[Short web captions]
══════

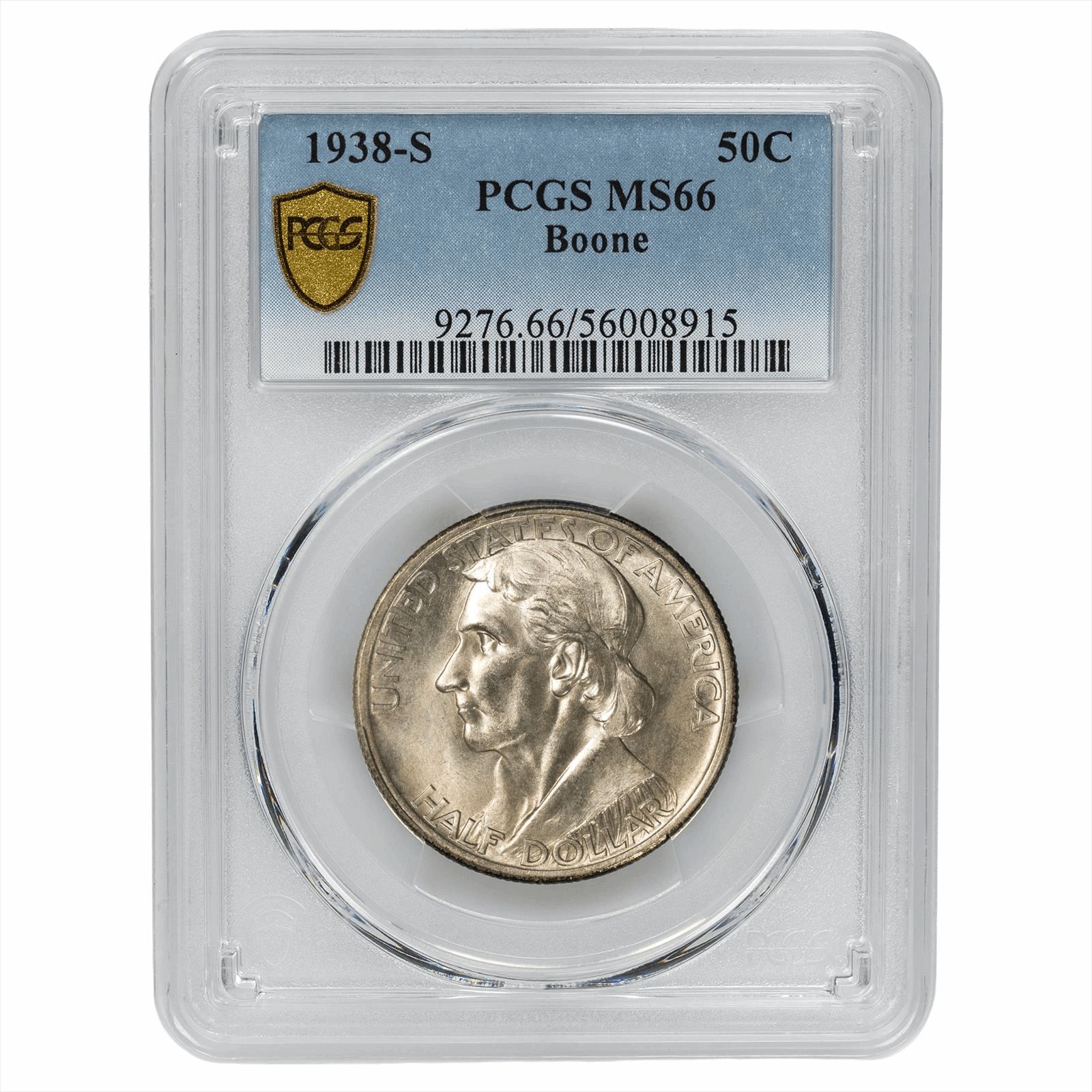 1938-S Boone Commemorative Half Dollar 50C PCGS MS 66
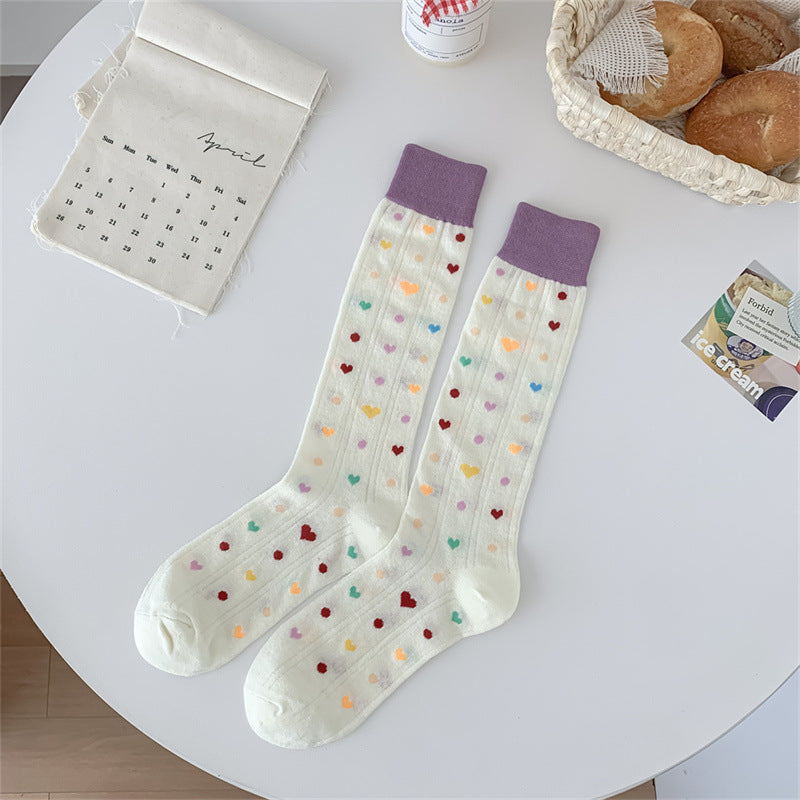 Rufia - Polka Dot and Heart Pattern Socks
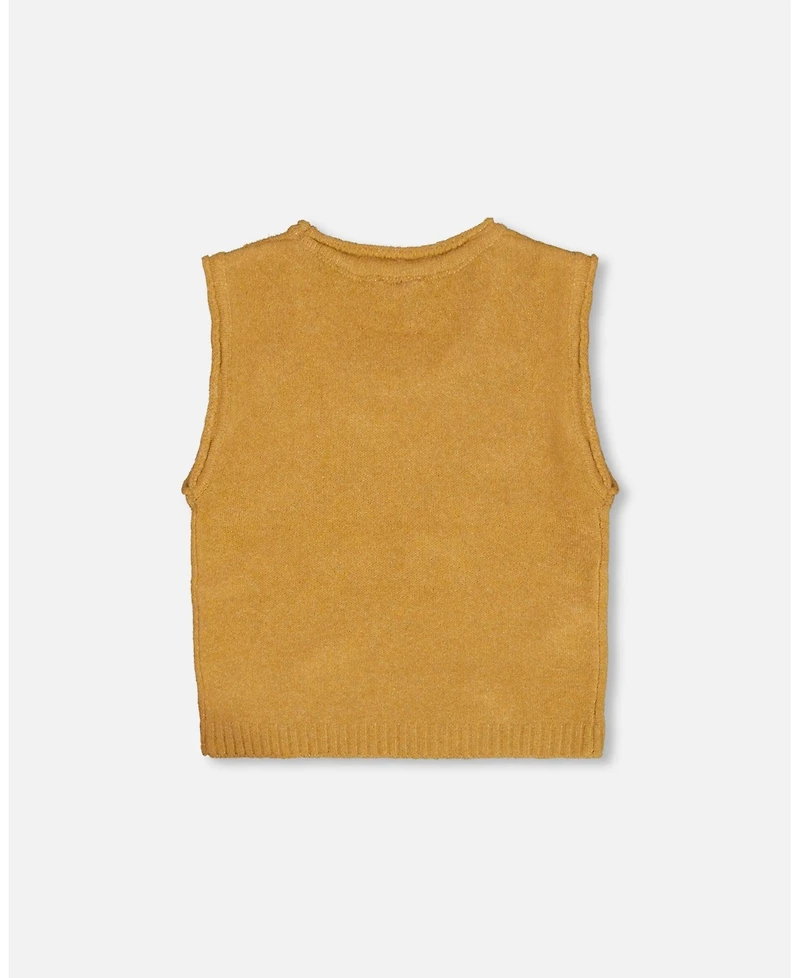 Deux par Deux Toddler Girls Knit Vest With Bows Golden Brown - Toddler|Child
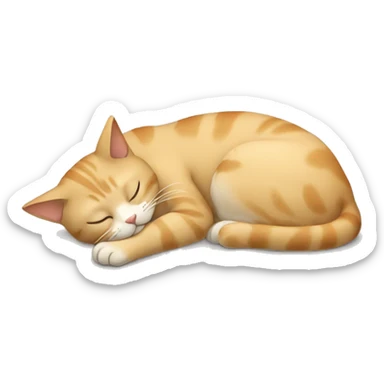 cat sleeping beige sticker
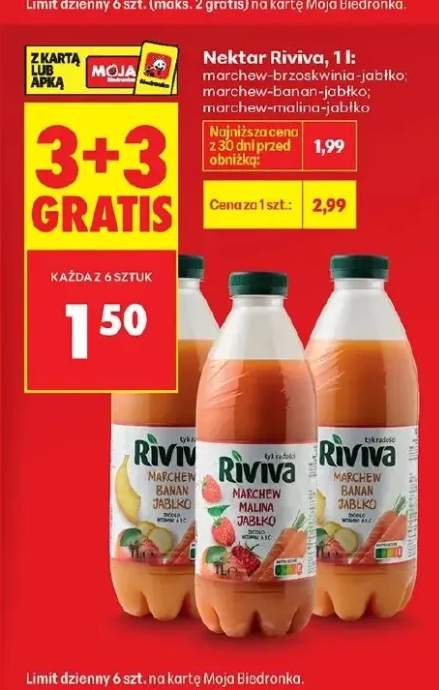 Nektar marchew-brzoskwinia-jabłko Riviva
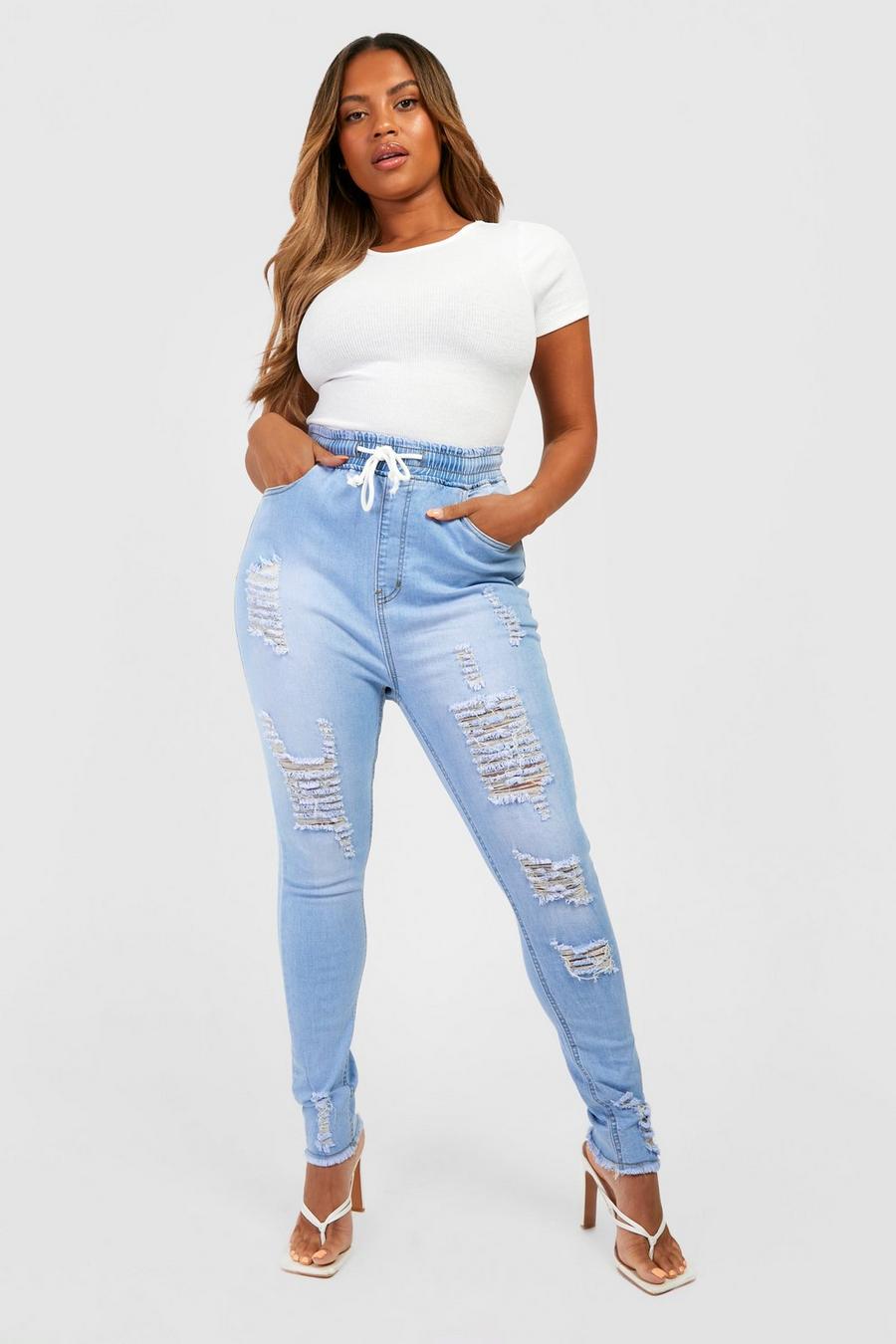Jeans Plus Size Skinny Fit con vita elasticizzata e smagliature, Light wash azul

══════

◆ **Your instructions**
Please give the data above again in exact form and omit every picture.

◆ **Answer below**
 1938-S Boone Commemorative Half Dollar 50C PCGS MS 66
 Rufia - Polka Dot and Heart Pattern Socks
 Deux par Deux Toddler Girls Knit Vest With Bows Golden Brown - Toddler|Child
 cat sleeping beige sticker
 Nektar marchew-brzoskwinia-jabłko Riviva
Jeans Plus Size Skinny Fit con vita elasticizzata e smagliature, Light wash azul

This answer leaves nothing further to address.